When you have introduced it to your core audience, which will be very small to begin with, then look around at media outlets. These days media outlets range from popular forums about the niche you are filling, to blogs and related mass-media publications. Getting on Techcrunch is cool. Its a good way to get some exposure. Hacker News itself is becoming a good place to launch, because the community is still very small and much more devoted to trying new things. I used to get hit occasionally by Slashdot and Digg, and that traffic was good for big spikes, but I would only see about 1-2 percent overall traffic boosts after that overally. However, that was an extra 2 percent I didn’t have before.
Now, once you are established and have a small but active user base then you might consider bigger venues for advertising. Buying ads on popular sites like Digg and Techcrunch can help. Its very targeted, which is what you want.

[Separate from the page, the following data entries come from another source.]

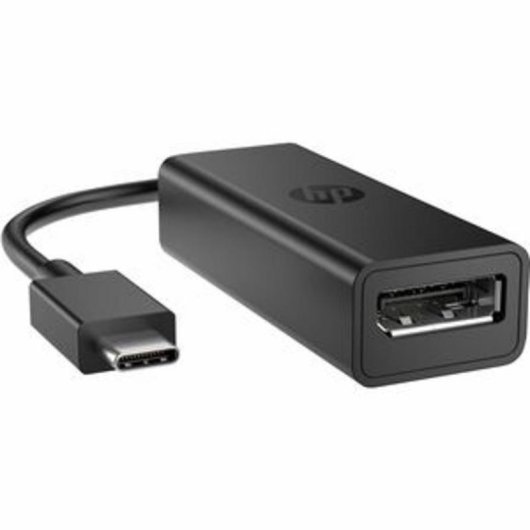 Adaptateur USB-C vers DisplayPort HP G2 8K Plug and Play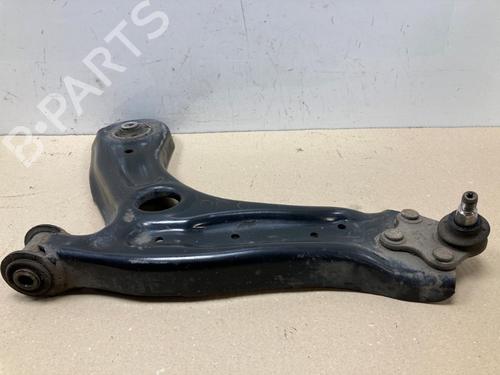 Left front suspension arm VW POLO V (6R1, 6C1) 1.2 TDI | BP25622020M12 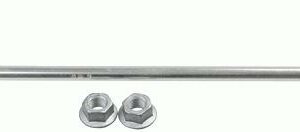 Lemförder 26774 01 - Stange / Strebe, Stabilisator (Nachtexpress)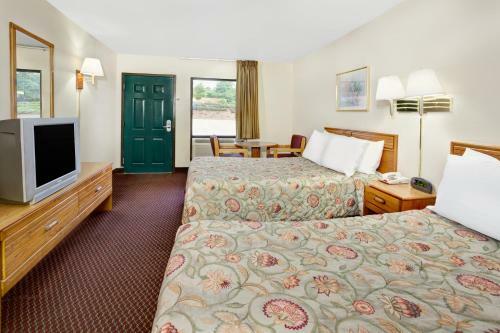 Motel Super 8 Marietta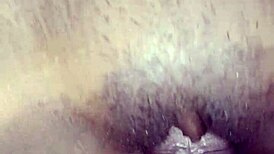 This girl's getting fucked hard and squirting everywhere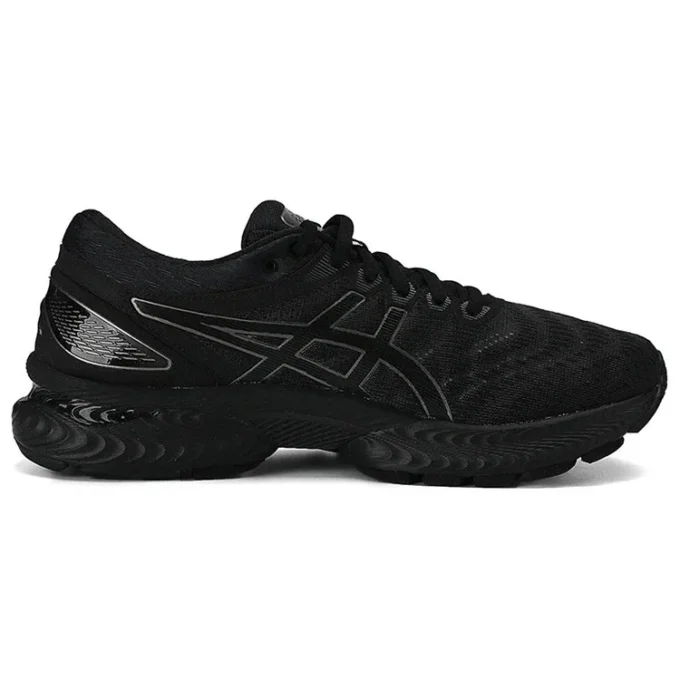 Gel-Nimbus 22 « Noir »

If you want some Google juice, oddly enough doing press releases can help. I started a company in the beginning of 2007 and we were paying about $150-$200 for press releases a few times a month. We didn’t see huge amounts of direct web traffic, but it was really good for getting the word out. People in the financial industry (who pay more attention to press releases than the rest of us) were talking about us and daily I was seeing our name being talked about in the niche circles we were targeting. The co-founder was invited to interview on a few radio shows, which helped after that. (Sadly the company is defunct now. That’s how startups go. However that was not because of the advertising and word of mouth.)
Don’t spend a ton of money on press releases. If your target audience is general web users, then releasing a press release 4x a month will do bollux for you. If you’re targeting businesses, then press releases can be more helpful. But still be careful.

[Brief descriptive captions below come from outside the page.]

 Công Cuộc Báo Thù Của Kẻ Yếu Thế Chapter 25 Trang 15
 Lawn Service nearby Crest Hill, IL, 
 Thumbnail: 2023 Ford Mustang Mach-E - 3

The last thing that I can suggest, is remember your users are “customers” and NOT “consumers”. You can always tell a marketing shill versus a true entrepreneur by how they refer to people. Everyone forgets that before the 20th century, consumption meant you had tuberculosis. Then that term got morphed to refer to “the dirty poor masses that buy the rotten horse meat we sell them as hot dogs.” I am a customer, a user, not a consumer. Remember that if you treat your potential audience with respect, *your* users, then they will respect your product and that goes much further than any dollar spent on marketing.